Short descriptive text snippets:
--------------------

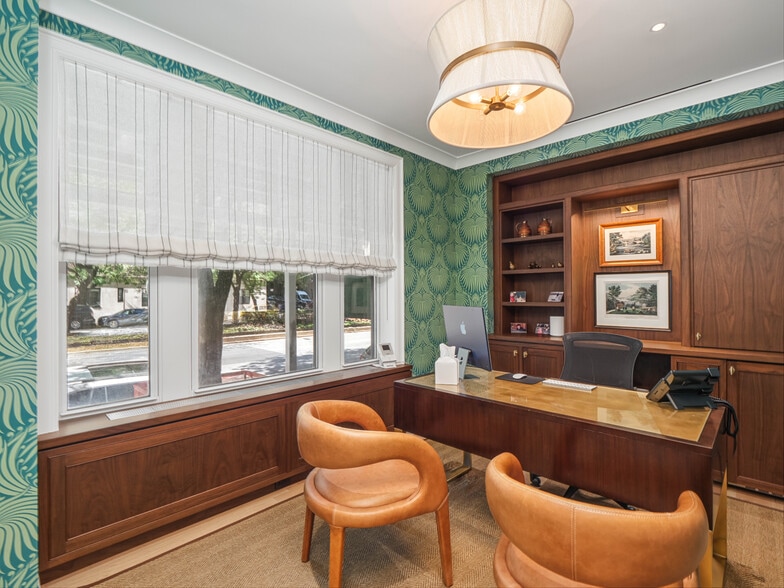 More Photos Of 1075 Park Ave, New York Apartments For Sale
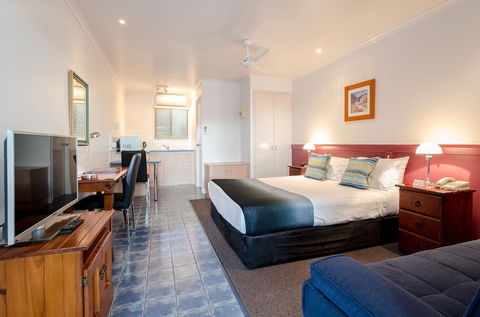 Central Studio Accommodation - Queensland Tourism 3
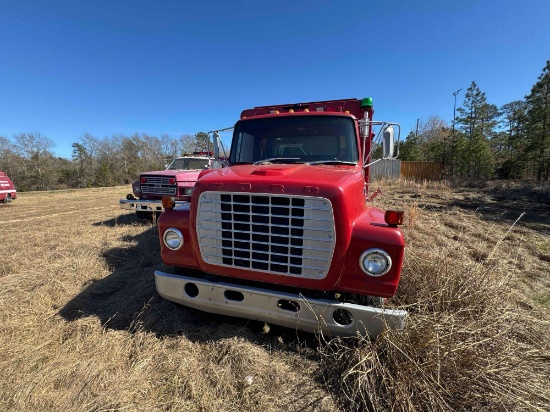 1979 Ford F800 - Fire Truck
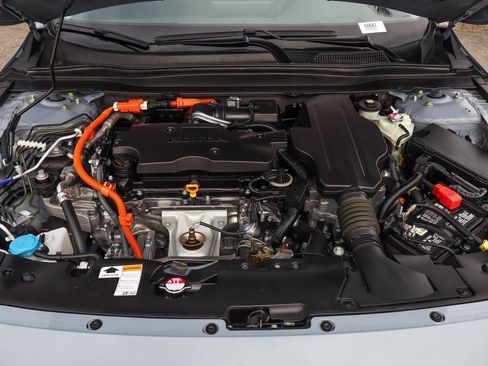 Used 2022 Honda Accord Touring image 11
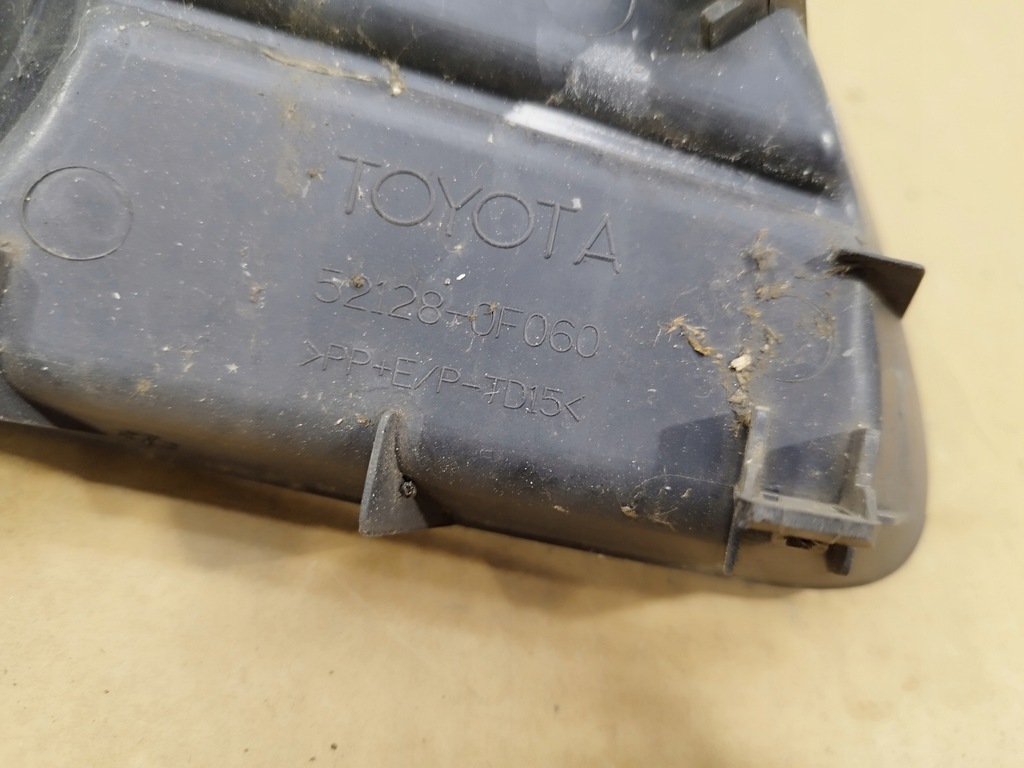 фото №13, Протитуманна фара + решітка лівий бампер перед toyota corolla verso ii lift 2007-2009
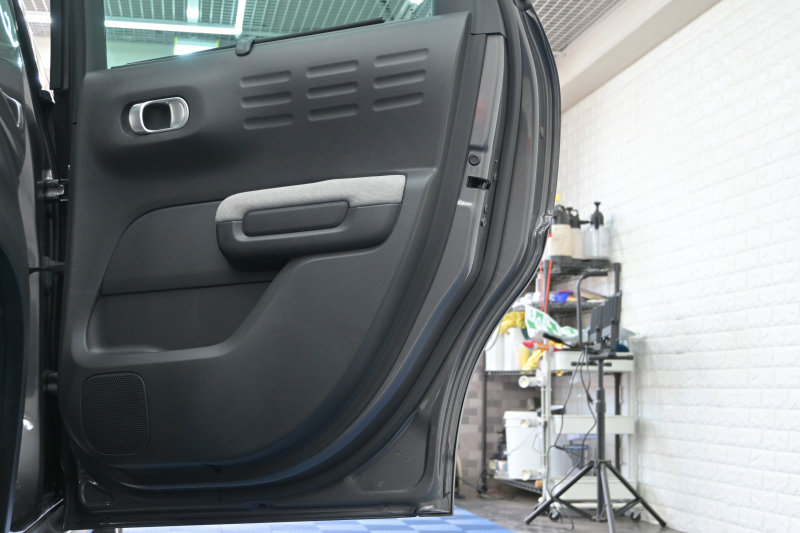 シトロエン C3 ｴｱｸﾛｽSUV ｼｬｲﾝﾊﾟｯｹｰｼﾞ　ﾌｧﾌﾞﾘｯｸｼｰﾄ ﾊﾟﾉﾗﾏSR ｸﾙｺﾝ 純正7ｲﾝﾁﾀｯﾁｽｸﾘｰﾝ CarPlay Bｶﾒﾗ 純正17ｲﾝﾁAW LEDﾗｲﾄ ｱｸﾃｨﾌﾞｾｰﾌﾃｨﾌﾞﾚｰｷ　2年保証付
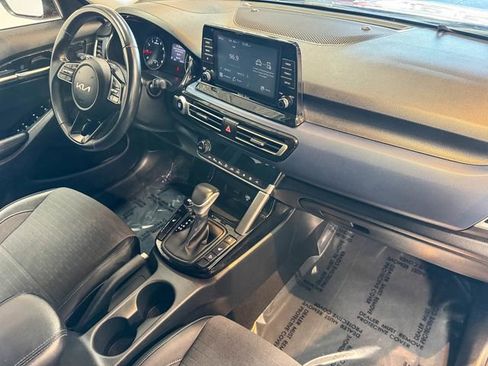 Used 2023 Kia Seltos S image 25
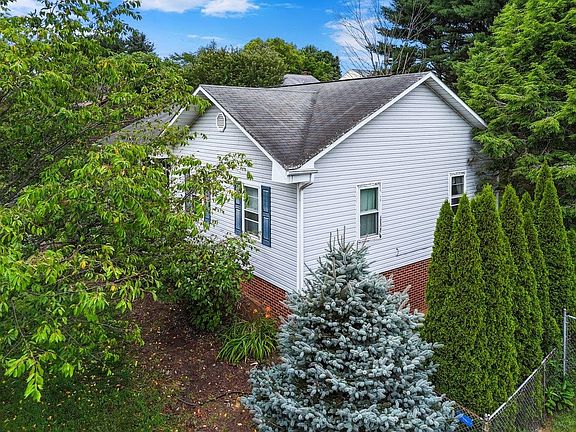 2nd image of 1334 Sandy Cir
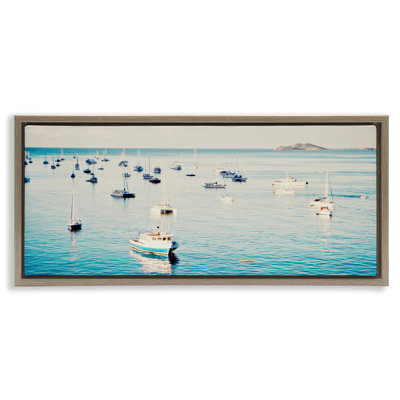 «Boat Fleet Marina», art mural encadré flottant par Jairo Rodriguez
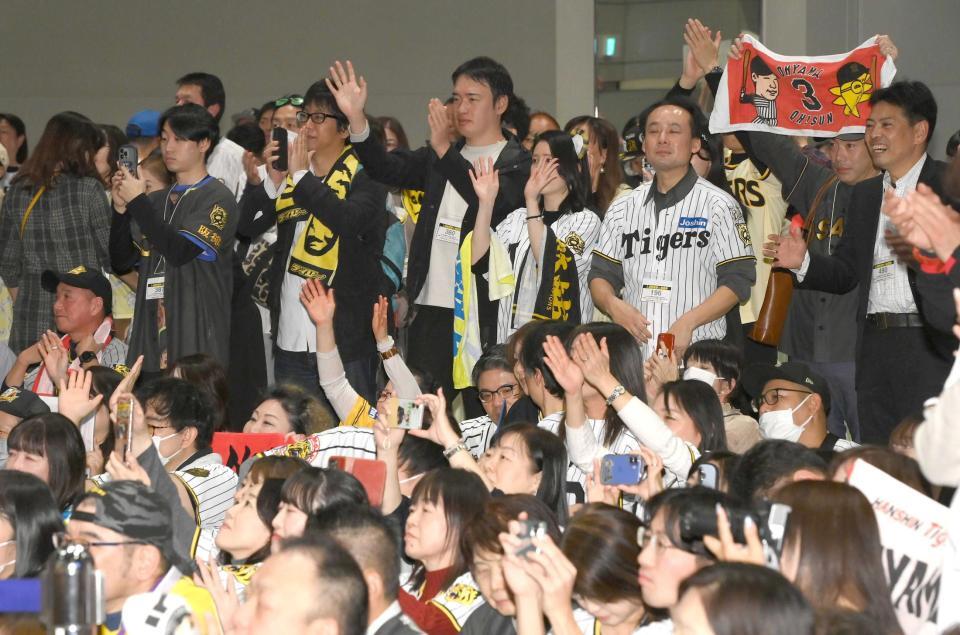 　質問に挙手をするファン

--------------------

Task description:
Give back exactly, and solely, the section of the data above bounded by the line containing "シトロエン C3 ｴｱｸﾛｽSUV" and the line containing "par Jairo Rodriguez", both bounding lines included and pictures omitted.

Exercise solution:
 シトロエン C3 ｴｱｸﾛｽSUV ｼｬｲﾝﾊﾟｯｹｰｼﾞ　ﾌｧﾌﾞﾘｯｸｼｰﾄ ﾊﾟﾉﾗﾏSR ｸﾙｺﾝ 純正7ｲﾝﾁﾀｯﾁｽｸﾘｰﾝ CarPlay Bｶﾒﾗ 純正17ｲﾝﾁAW LEDﾗｲﾄ ｱｸﾃｨﾌﾞｾｰﾌﾃｨﾌﾞﾚｰｷ　2年保証付
 Used 2023 Kia Seltos S image 25
 2nd image of 1334 Sandy Cir
 «Boat Fleet Marina», art mural encadré flottant par Jairo Rodriguez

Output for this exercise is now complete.